With the Millennium Development Goals falling due in 2015, three Nigerian states—Adamawa, Nasarawa and Ondo—are rolling out major healthcare improvements via a Results-Based Financing (RBF) approach, with the support of the World Bank and other partners. As a result, over 9 million people, of whom 3.8 million are women aged 15-49 and children under age five, could gain access to better quality health services.
About 400,000 pregnant women need health services every year in these states, where the chances of giving birth with skilled help can be as low as 1 in 7. Changes are urgently needed to get more women from low-income households to use health facilities, and to make sure that these facilities offer lifesaving services such as skilled attendance during childbirth and immunization for children under age five.

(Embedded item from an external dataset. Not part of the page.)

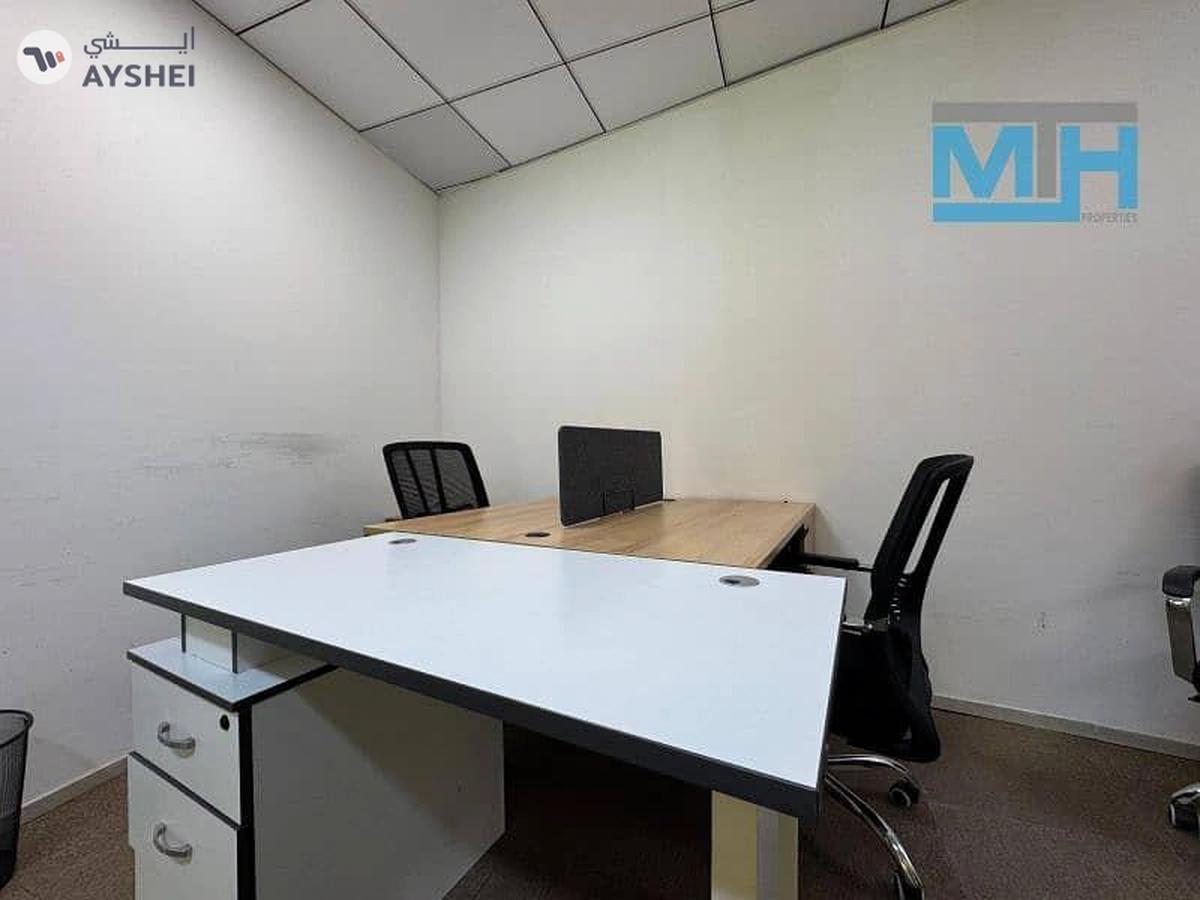 The Binary, Business Bay, Dubai-4-4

On April 12, 2012 The World Bank Board has approved financing of US$150 million for the Nigeria State Health Investment Project, which will address this challenge by rewarding health workers and institutions that perform well, boosting performance management and accountability, and encouraging innovation. In addition, Nigeria will receive a US$21.5 million grant from the Health Results Innovation Trust Fund, supported by the UK’s Department for International Development and the Government of Norway.
This RBF approach will be evaluated to assess its impact and wider applicability in Nigeria, which accounts for 10 percent of global maternal deaths. Successfully employed at the national level in Rwanda and Burundi, this approach could spur significant progress in maternal and child survival in Nigeria. The three participating states in Nigeria vary widely in terms of health indicators, so will provide rich experience to guide future investments in health, both domestic and by development partners.